THE Perry Ellis ``America collection'' is made in Hong Kong; Totes keeps the rain off with umbrellas made in Taiwan; J.G. Hook tailors corduroy suits in South Korea; Harve Bernard's racks are full of winter coats from Yugoslavia; Crazy Horse is selling knit shirts made in Macao, Thailand, and Brazil; and Corning is marketing teakettles produced in Taiwan. Reading, Pa., ``the outlet capital,'' is where the trade gap becomes reality. In an ironic twist, acres of imports are sold in former mills converted into boutiques. Charter buses from as far as Massachusetts and Virginia haul consumers eager to snap up the low-priced goods.
Such buying is swelling the United States merchandise trade deficit, which this year could hit a record $171 billion. Next year, experts are expecting the trade gap to narrow somewhat, reflecting the lower-valued dollar. Should the recent stock market plunge result in less consumer and business spending, the gap will close more quickly. If not, it will remain high.
This gap between our imports and exports ``means we are spending more than we are producing,'' says Michael Aho, a trade specialist at the Council on Foreign Relations. It is not a good sign, indicating the US is living beyond its means. Mr. Aho compares it to a shopper who has gone on a massive, long-term buying spree. ``Sooner or later you have to pay it back,'' he says.
For example, when a consumer buys an automobile made in Japan, the Japanese car company gets paid in dollars. To get yen to pay its workers, it sells those dollars to the Bank of Japan, which in turn invests them in US Treasury bills.

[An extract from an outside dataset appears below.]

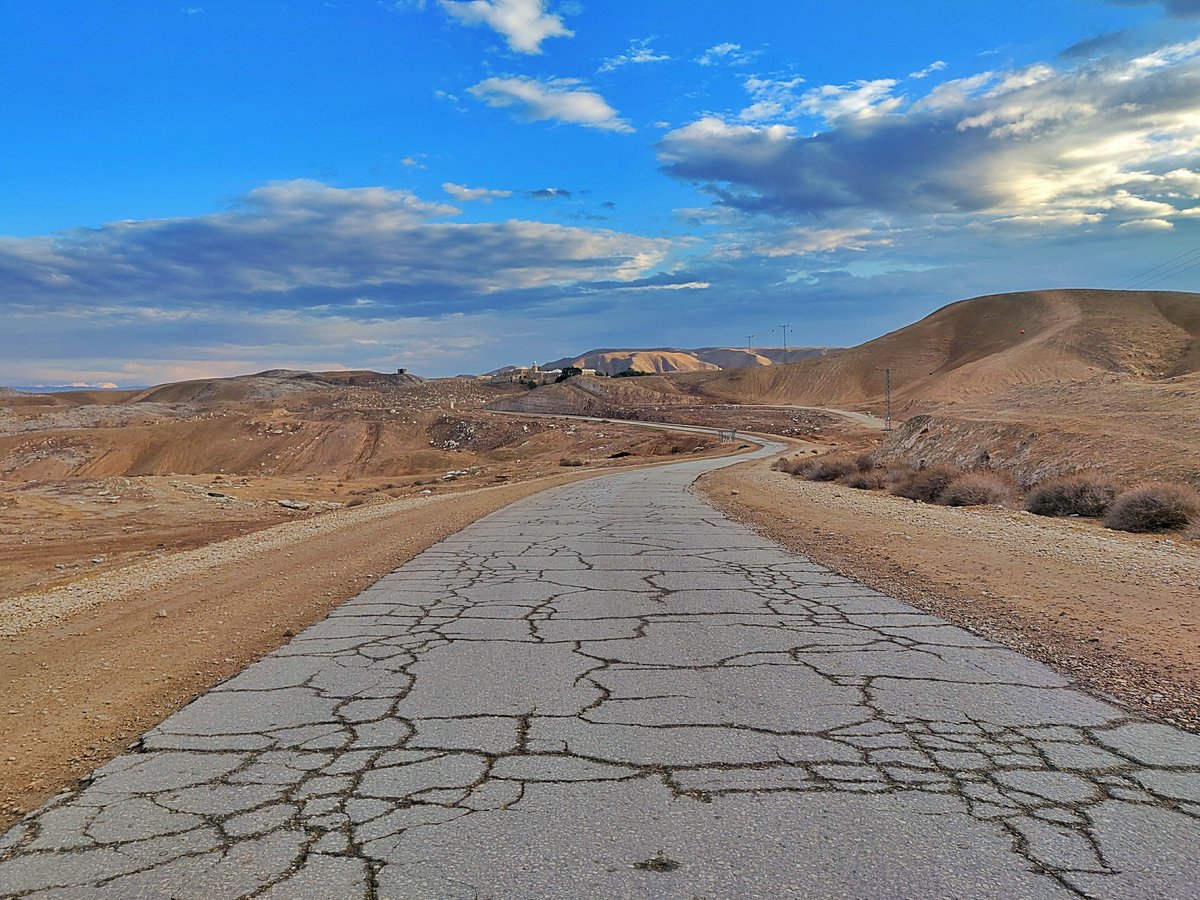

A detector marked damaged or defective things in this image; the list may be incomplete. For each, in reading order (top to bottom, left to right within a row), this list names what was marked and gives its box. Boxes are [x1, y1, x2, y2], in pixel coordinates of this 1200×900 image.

asphalt crack pattern [2, 446, 1200, 896]
cracked asphalt road [2, 444, 1200, 900]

Because of its spendthrift ways, the US has become the world's largest debtor, owing well over $350 billion. This is larger than the combined debt of Mexico, Brazil, and Argentina.
To meet the interest bill in the 1990s, the US will have to reverse its trade balance. Just to service the debt, it will need to show a surplus of $40 billion to $60 billion a year. ``This means in effect we will spend less than we earn,'' Aho says.
Because there has never been a trade deficit this size, it is difficult to learn from history what it means. Economist Georges Rocourt of Mercantile-Safe Deposit & Trust Company in Baltimore compares the US to Britain in 1966 when it too was running large trade imbalances. In October 1967, the government stopped defending the value of the pound. Prices of imports rose as the value of the pound fell from $2.78 to $2.66.
``A devaluation implies a lower standard of living,'' Mr. Rocourt says. But the strategy ultimately worked for Britain. Within three years, it had a trade surplus. (Today the value of the pound is $1.78 and Britain's trade deficit is small.)
THERE are some options that could make the belt tightening less painful. Experts say these include:
Continuing efforts to reduce the federal budget deficit. Dependence on foreign lenders keeps interest rates high. It also means that those foreign lenders do not spend their dollars on new US tractors, airplanes, computers, and other goods.
Tax policy. The US might move toward consumption taxes to encourage consumers to save. Congress might reconsider its decision to eliminate the tax deduction for individual retirement accounts. Some studies have indicated IRA funds were new savings.
Steps to make US companies more competitive and quality-conscious. Manufacturers have to increase productivity, which lags behind that in Japan, Germany, France, and Britain. ``How do our tractors stand up over time?'' Aho asks.
Better international cooperation. The US economy has been the engine of world growth for the past three years. Slower economies in West Germany and Japan forced companies there to export. Now, the US is trying to use peer pressure to get those economies moving again. ``If the world expanded on a more even keel we might not have seen these imbalances,'' Aho says.
Increases in scientific and technical education. I.M. Destler, author of the book ``American Trade Politics,'' points out that one reason the US has a huge trade deficit with Japan is that ``Japan spends billions on process-related research and development.''
For communities such as Reading, how the US answers these questions will be important.
Like many other communities, Reading was a manufacturing center at the turn of the century. In the 1950s, the city's chief employer was Berkshire Knitting Mills, a hosiery mill.
By the 1960s, however, lower wage rates forced many of Reading's textile firms to move south. Many of those mills have moved to the Far East. One exception is Reading-based VF Corporation, which maintains several mills in the Southern US.
Reading filled up the old mills with outlets, selling clothes that are slightly imperfect or out of style. Today, the outlets employ 3,000 to 5,000 workers. ``Tourism is the fastest-growing segment of the economy, with the outlets leading the way,'' says Spiro Patton, a professor at Widener University in nearby Chester.
In the summer, tourists from Latin America and Europe make excursions to the mills, buying thousands of dollars' worth of garments. ``The lower-valued dollar should make the items even more attractive,'' Professor Patton says.
The shrinking dollar will help sell a lot of US goods. But it will also mean that the US needs to adjust. ``If we still have an expanding pie, the standard of living will rise,'' Aho predicts, but not as fast as it used to.